Month: March 2005

  • What a fun weekend! Friday night I went and saw "Be Cool" with Brian, Mike, John, Josh, Eric, and Eric's brother/sister in-law. It was a lot of fun even though it was not my kind of movie. (I still don't recommend the movie)

    Saturday I went to Betos with Josh to get some off-campus food (YES!). I love Betos Breakfast Burritos! Then we bought the last tickets to Men's Chorus. Played some Zelda, and then we all went to see Mike in the Men's Chorus concert. The concert was really good. After the concert we bummed around.

    There was something I wanted to say. I forgot. Sorry.

  • What is it about dorm life that makes everyone so lonely? How can you always be around people, yet feel so alone? How can your room be filled with friends who care about you while at the same time you feel so friendless?

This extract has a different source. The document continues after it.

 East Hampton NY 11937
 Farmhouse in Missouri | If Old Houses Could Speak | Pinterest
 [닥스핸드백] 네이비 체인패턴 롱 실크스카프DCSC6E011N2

    I'm not upset right now or anything. In fact, I feel really good. I've started working out with Josh, and the excerise is really upping my mood. But I was just making an observation a few moments ago and remembering things that I've felt before. I think dorm life- college life- can be a very lonely time. Sometimes its hard to recognize the care of friends. I wish that I knew how to help a friend out better when he is down.

  • March 2, 2005 3:40 pm

    So today I am Elder E*****. That's right. I am serving in the Hungary,
    Budapest mission, English speaking. Of course this is just pretend, and only
    lasts for two days, but still. From 9:00 last night to 9:00 tomorrow night, I
    will be obeying all of the mission rules. That means I wake up at 7 and go to
    bed by 11. It means I study the scriptures for a half hour by myself, and for a
    half hour with my companion. It means I stay with members of the same sex
    always and limit physical contact with members of the opposite sex to no more
    than a handshake. (That is hard, because it also means I wear the uniform -a
    suit- which means I am super good looking) It means I refrain from TV, movies,
    and computer or video games. It means I only listen to "Christ-centered" music.
    It means no Internet surfing- or xanga.

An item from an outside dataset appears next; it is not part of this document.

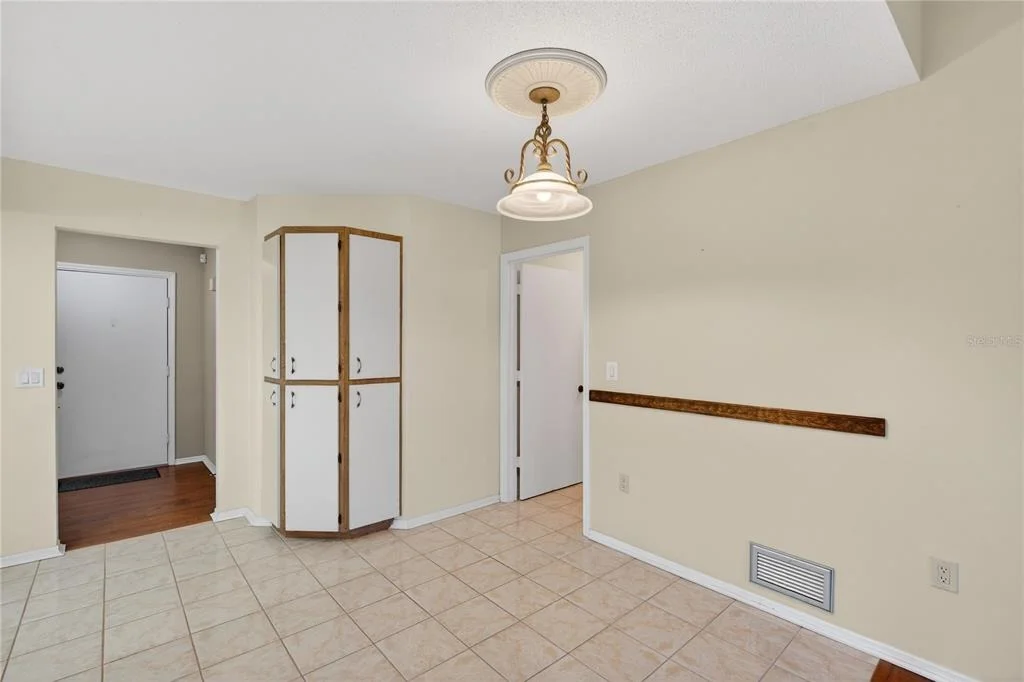 Photo of 5852 LINCOLN ROAD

    How then, am I writing this xanga entry? I am allowed to e-mail, and so in
    keeping with mission rules I am using xanga premium to e-mail this post and have
    it magically appear on my site without once using safari (or Internet explorer).
    I hope it works, because this may very well be how I update xanga on my real
    mission. Unfortunately, it means I don't leave comments on other sites, but I
    can still receive xanga subscription e-mails (to my knowledge). All of this
    assuming I am serving in a country with internet capabilities.

    And now for the point of this post . . .
    What Missionary Life is Like . . .
    As a missionary, or at least as a pretend missionary, it seems like there are 5
    things that we do.

    1. Lots of personal and companionship study. They want you to study the gospel
    on a personal and intimate level. This means knowing the scriptures really
    well.

    2. Meetings. Zone meetings, Church meetings, all kinds of meetings.

    3. Appointments. The time that in a normal mission would be dedicated to making
    and attending appointments with investigators and members is spent on our
    pretend mission in class (I can't just drop out of school for two days . . . er)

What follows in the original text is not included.